Observability and alerting

Endpoints Server overview page

The Endpoints Server overview page provides high-level details and configuration options for your deployed models. The Monitor tab offers status information on events and common metrics at a glance. For more advanced observability tooling, see the following section.

Endpoints Server Grafana dashboard

Grafana powers the Endpoints Server monitoring page and lets you visualize metrics, logs, and traces. Access this dashboard by clicking on the Grafana icon at the top-right side of the Endpoints Server overview page.

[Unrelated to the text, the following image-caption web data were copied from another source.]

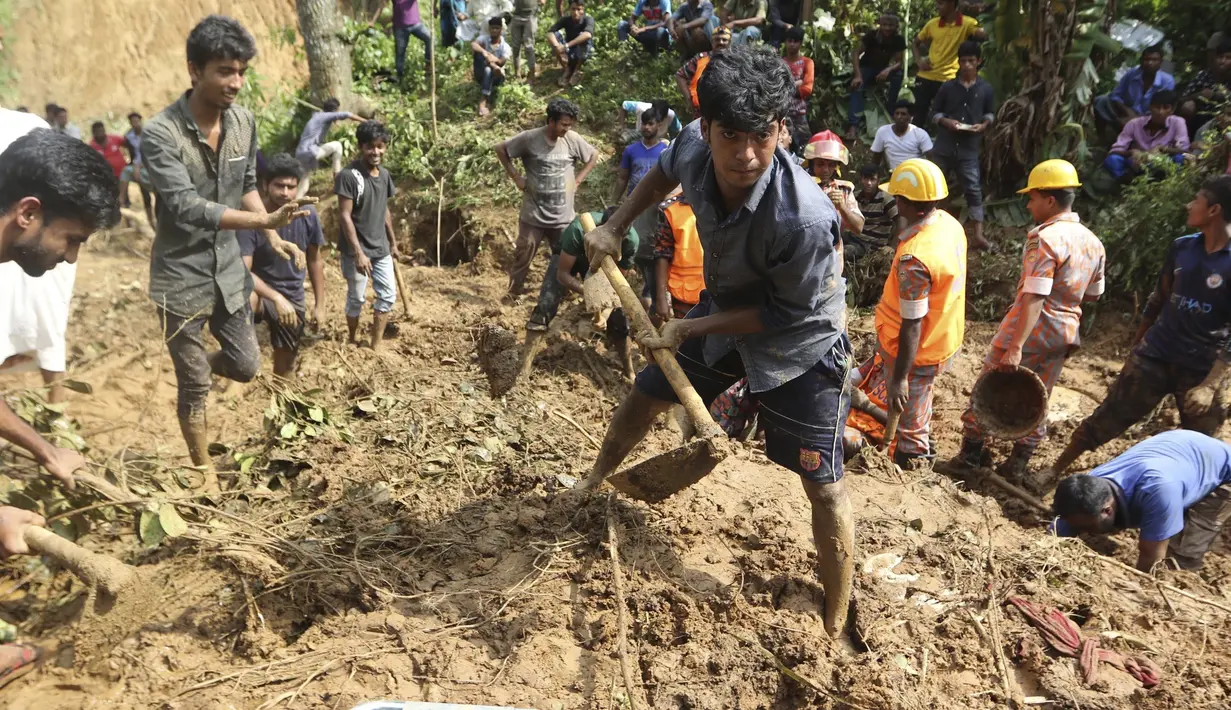 Lumpur mengubur rumah-rumah setelah hujan mulai turun Senin, Rangamati, Bangladesh, Rabu (14/6). Daerah Rangamati di dekat perbatasan dengan India adalah yang paling parah dilanda bencana itu. (AP Photo)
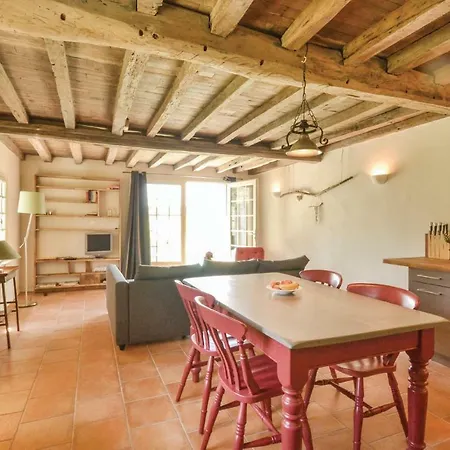 Lovely Home In Charritte De Bas With Wifi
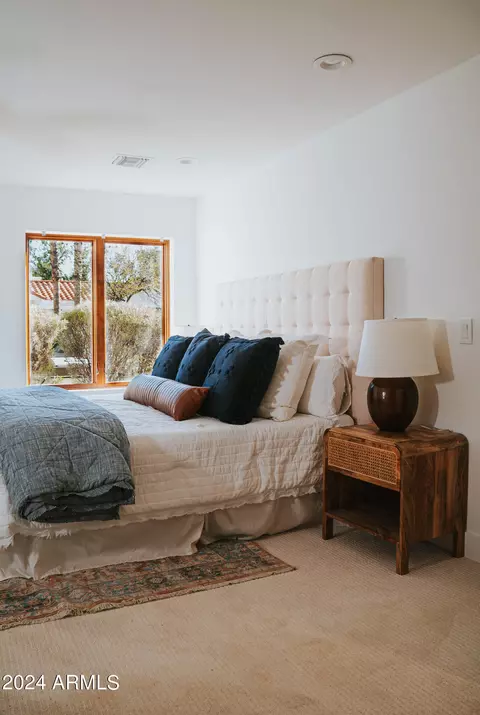 Bedroom - 4701 E Cholla St, Phoenix, AZ 85028 photo 1 of 3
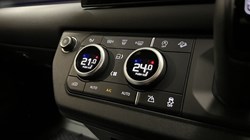 2025 (25) LAND ROVER COMMERCIAL DEFENDER 3.0 D250 Hard Top X-Dynamic SE Auto 4892798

For a better understanding of the Grafana dashboard, here's a curated list of essential metrics to understand the overall health of your deployed models:

Scaling Information
  • Active Nodes: Current nodes in the cluster.
  • Pending Nodes: Nodes in provisioning.
GPUs
  • Available GPUs: Total GPUs available for provisioning.
  • GPU Utilization: Utilization per GPU.
  • 1/5/15 Minute GPU Load Averages: Average utilization per GPU over specified intervals.
Replicas and Nodes
  • Replicas Per Application: Replicas running per application.
At a glance
  • Tokens Last Hour: Total input and generated tokens over the last hour.
  • Tokens Last 24 Hours: Total input and generated tokens over the last day.
  • Tokens Per Model Last 24 Hours: Tokens generated per model over the last day.
  • Distribution of Requests Per Model Last 24 Hours: Total requests and responses over the last hour.
  • Requests Last Hour: Pie diagram of request distribution across all models over the last day.
  • Ratio Input (Generated Tokens Last 24 Hours): Rate of token usage per model.
Endpoints
  • RPS: Requests per second directed to each API server.
  • Successful: Successful requests.
  • Failures: Failed requests.
Tokens and Requests Graph
  • Tokens Input Per Minute: Rate of input tokens per minute.
  • Tokens Input Per Request: Rate of input tokens per request.
  • Tokens Started Per Minute Per Model: Rate of requests per minute.
  • Tokens Generated Per Minute: Rate of generated tokens per minute.
  • Tokens Generated Per Request: Rate of generated tokens per request.
  • Request Errors Per Minute Per Model: Rate of error requests per minute per model.
Latencies
  • First Token Stream Latency: First token latency by percentiles.
  • Response Stream Latency: Response stream latency by percentiles.

Alerts

Anyscale preconfigures alerts through Grafana to send notifications when incidents occur with your Endpoints Server. View alerts on the alerting page. Find the corresponding metrics in the Endpoints Server metrics dashboard under the Endpoint Alerting header.

Preconfigured alerts

Anyscale automatically configures the following alerts:

AlertDescription
Autoscaler Pending NodesAlert when a node remains in the pending state for more than 15 minutes.
CPU UsageAlert when CPU usage on any node exceeds 80% for more than 5 minutes.
P50 Request LatencyAlert when the median latency for requests exceeds 60 seconds for more than 5 minutes by route.
Queued RequestsAlert when queued requests exceed 50 per minute within a 5-minute window.
Serve 4XX ResponsesAlert when the number of 4XX HTTP responses, or "client errors," reaches 5 within a 5-minute window.
Serve 5XX ResponsesAlert when the number of 5XX HTTP responses, or "server errors," reaches 2 within a 5-minute window.

Set up alerting channels

To receive alerts, you need to configure a notification channel and select the specific alerts you would like to receive a notification for.

note

Anyscale doesn't support for email notifications through Grafana. If this is a feature you would like, contact the support team at endpoints-help@anyscale.com.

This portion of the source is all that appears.